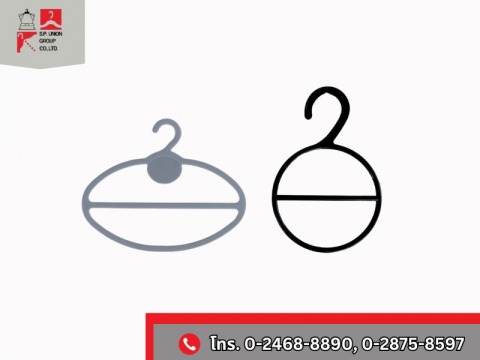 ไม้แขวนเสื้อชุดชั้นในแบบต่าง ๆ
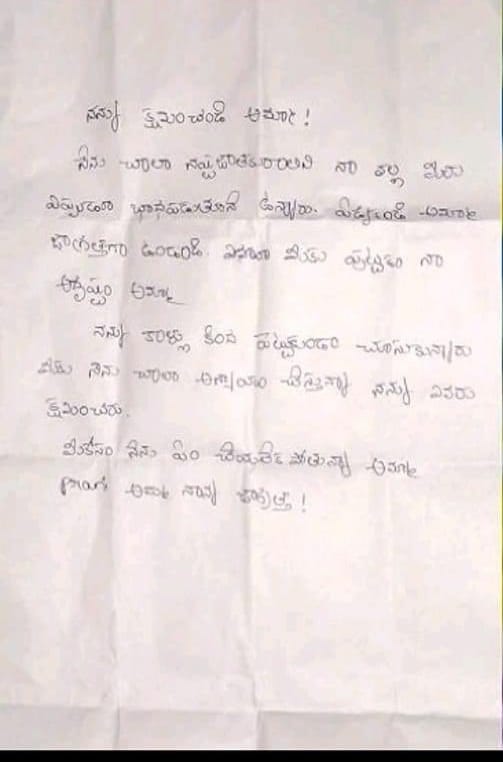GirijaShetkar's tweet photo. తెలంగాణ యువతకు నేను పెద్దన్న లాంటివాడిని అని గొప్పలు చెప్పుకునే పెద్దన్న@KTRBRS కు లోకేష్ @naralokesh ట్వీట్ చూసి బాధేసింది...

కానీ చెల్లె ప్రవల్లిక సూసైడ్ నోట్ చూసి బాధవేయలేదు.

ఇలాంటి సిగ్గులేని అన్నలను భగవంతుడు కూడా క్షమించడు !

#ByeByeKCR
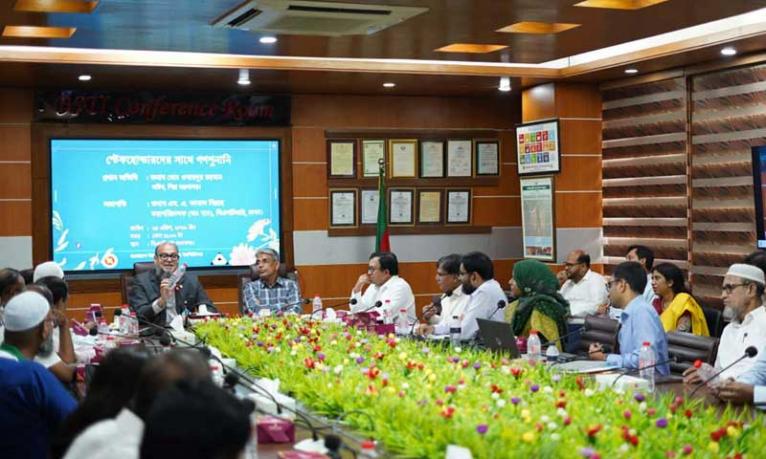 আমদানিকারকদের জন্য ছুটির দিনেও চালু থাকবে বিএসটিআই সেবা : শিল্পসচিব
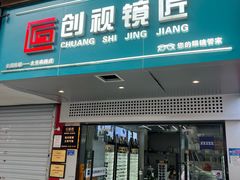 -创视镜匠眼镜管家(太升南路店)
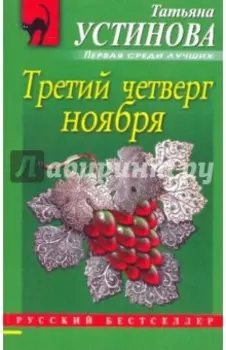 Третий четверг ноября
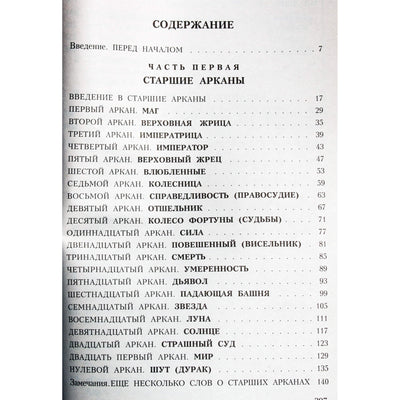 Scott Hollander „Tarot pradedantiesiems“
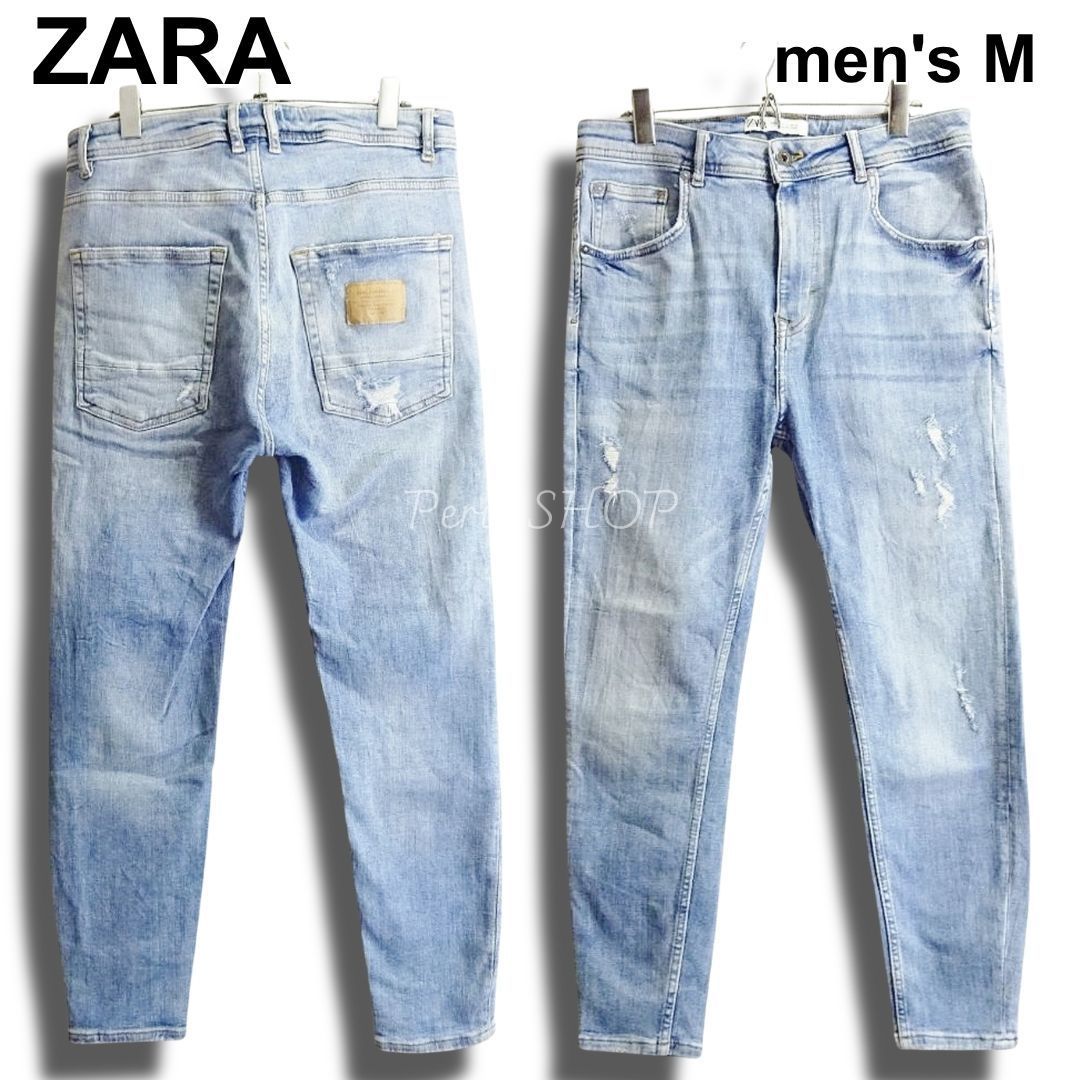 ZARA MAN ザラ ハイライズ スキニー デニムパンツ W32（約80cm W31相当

──────

_Task item:_ All that belongs in the answer is the exact run of lines from the line containing "আমদানিকারকদের জন্য ছুটির" to the end of the listing above, pictures removed.

_Your response:_
 আমদানিকারকদের জন্য ছুটির দিনেও চালু থাকবে বিএসটিআই সেবা : শিল্পসচিব
 -创视镜匠眼镜管家(太升南路店)
 Третий четверг ноября
 Scott Hollander „Tarot pradedantiesiems“
 ZARA MAN ザラ ハイライズ スキニー デニムパンツ W32（約80cm W31相当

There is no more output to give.